Debate wasn't game-changer

LOUISIANA DEBATE — The first major debate in the Louisiana gubernatorial election wasn't a game-changer, but it had some heated exchanges.

Don’t expect last Thursday’s gubernatorial debate to change many voters’ minds. As for who won, each camp said his candidate aced it. Viewers got little in the way of new issues, and the two Republican candidates never gave us concrete explanations about how they would do a better job than Democratic Gov. John Bel Edwards has done.

U.S. Rep. Ralph Abraham and Baton Rouge businessman Eddie Rispone offered no new surprises. We heard more about Louisiana losing too many jobs and taxes being too high.

Abraham, for example, said, “We do have the highest sales tax in the nation; that’s why we don’t have the jobs. We have lost jobs more than any other state in the nation. It’s due to taxes, taxes, taxes.”

Edwards should have reminded Abraham that the state sales tax was 4 percent when he took office; it was increased to 5 percent for only two years to balance the budget and is now only 4.45 percent. The 0.45 percent increase goes off the books in 2025.

High local sales taxes — some as high as 7 percent — are what give the state the third highest sales tax in the nation, and local voters approved them. Abraham can’t cut those taxes.

Abraham and Edwards had some testy exchanges, and Rispone continued to portray himself as an outsider.

“I’m just watching two politicians go after each other,” Rispone said.

Louisiana has lost jobs, but The Advocate said, “Economists mostly blame this on the slowdown in the state’s oil and gas industry.”

The most surprising part of the debate came when the moderators asked each candidate a tough question. Edwards was asked why he hired Johnny Anderson to his staff after Anderson had faced earlier sexual harassment allegations and it happened again.

Edwards said the earlier investigation found no wrongdoing and he thought Anderson was a “good, competent person.” What he should have said is he made a mistake, which public officials too often fail to do. Voters are quick to forgive public servants who own up to their mistakes.

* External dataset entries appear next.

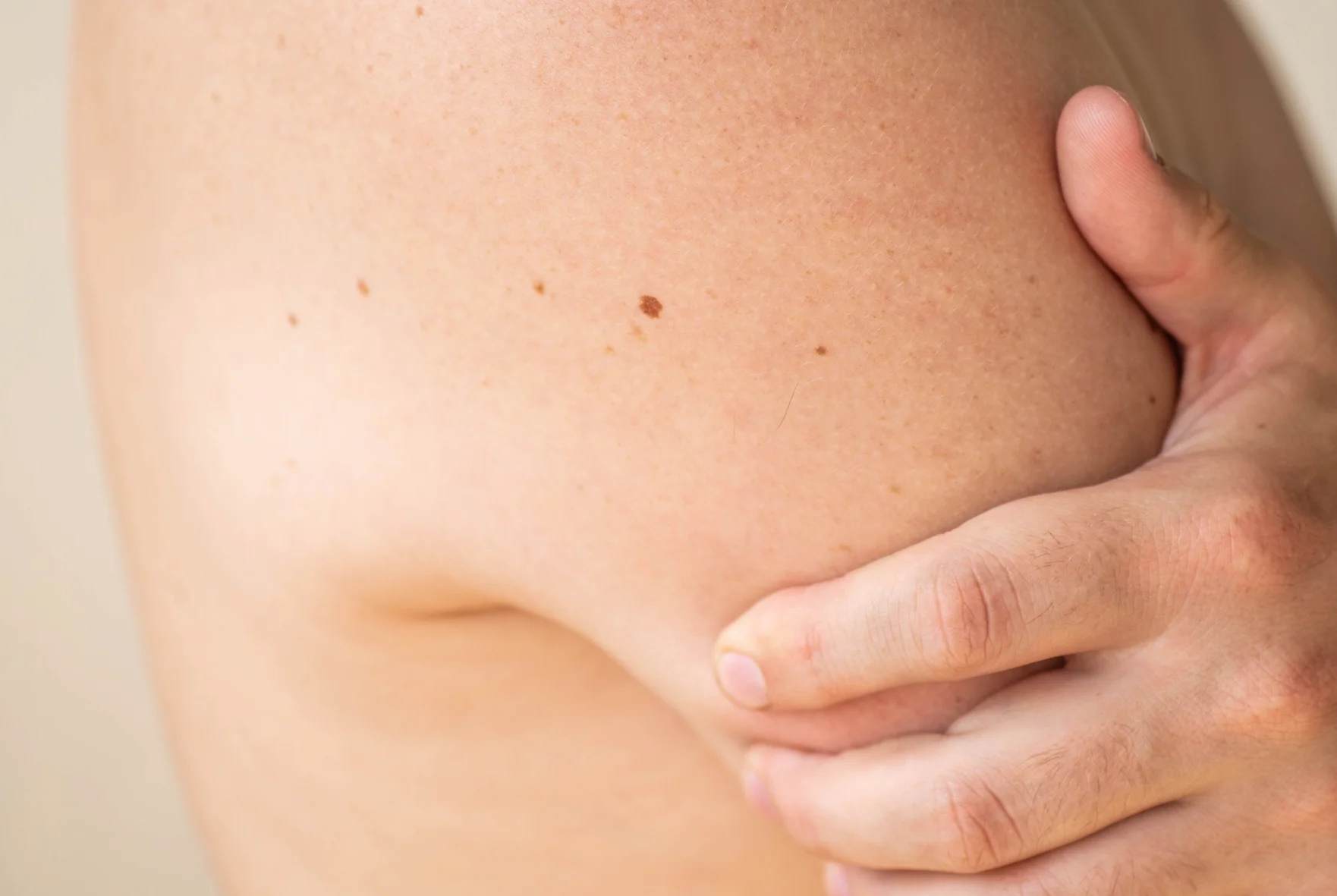Laser Hair Removal for Hidradenitis Suppurativa (HS): Does It Work?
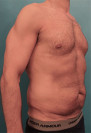 Male Abdominoplasty/Tummy Tuck Patient #1 Before Photo Thumbnail # 3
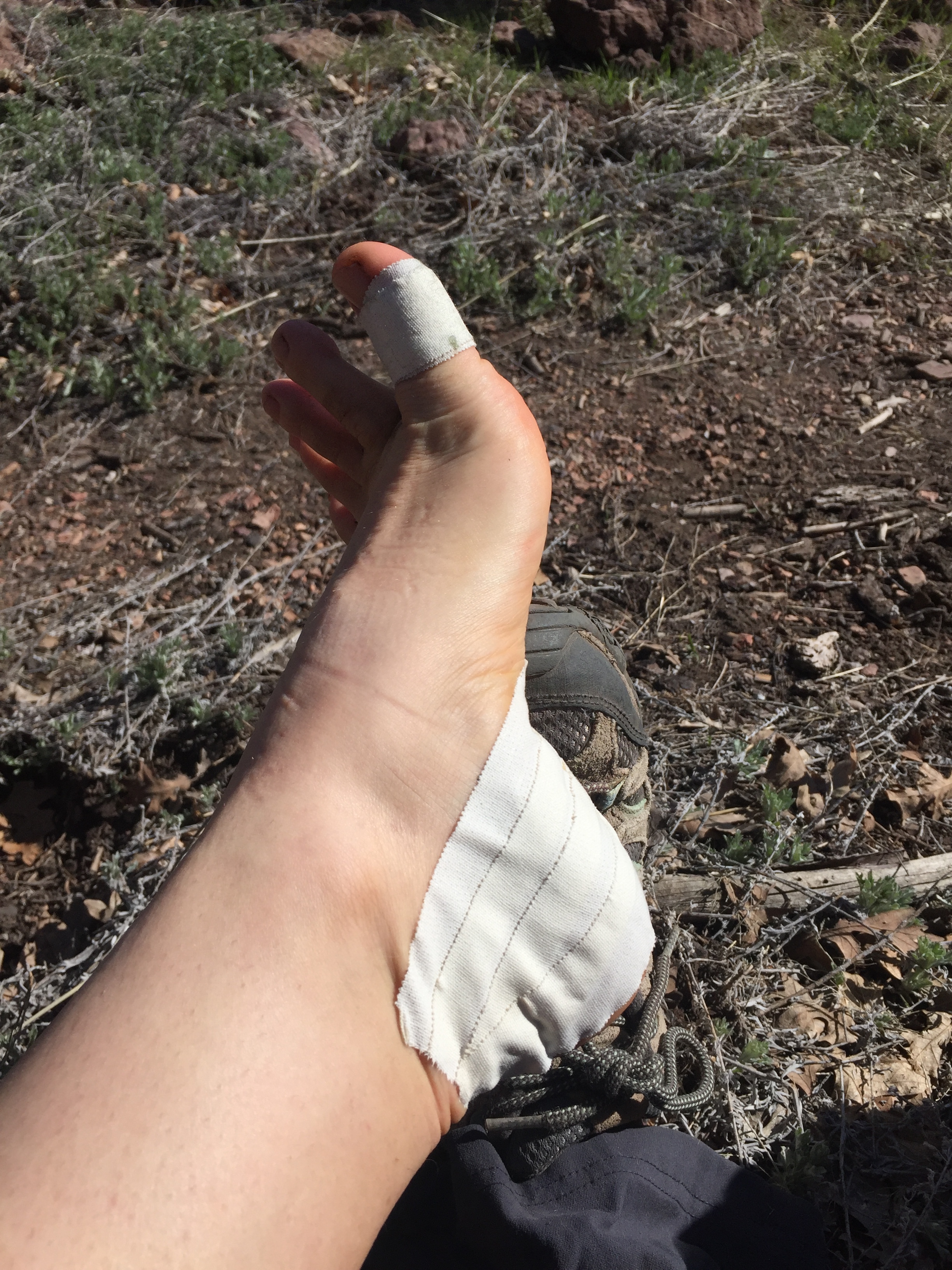 The state of the feet. Not great.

Abraham was asked why he didn’t resign from Congress to run for governor since he has missed many votes during the campaign. He said his constituents are still well served. Like many other officials before him, Abraham can rest easy, knowing he will still have a public position if he loses. It definitely softens a loss.

Rispone was asked how he could consider himself an outsider when he has contributed more than $1 million to Republican politicians like former Gov. Bobby Jindal and former U.S. Sen. David Vitter. He said it’s because he has never run for political office before.

That’s true, but he knows what he has to do politically and that is why he earlier launched an attack against Abraham. Each Republican candidate hopes to get Edwards in a gubernatorial runoff, and Rispone has had a difficult time increasing his poll numbers.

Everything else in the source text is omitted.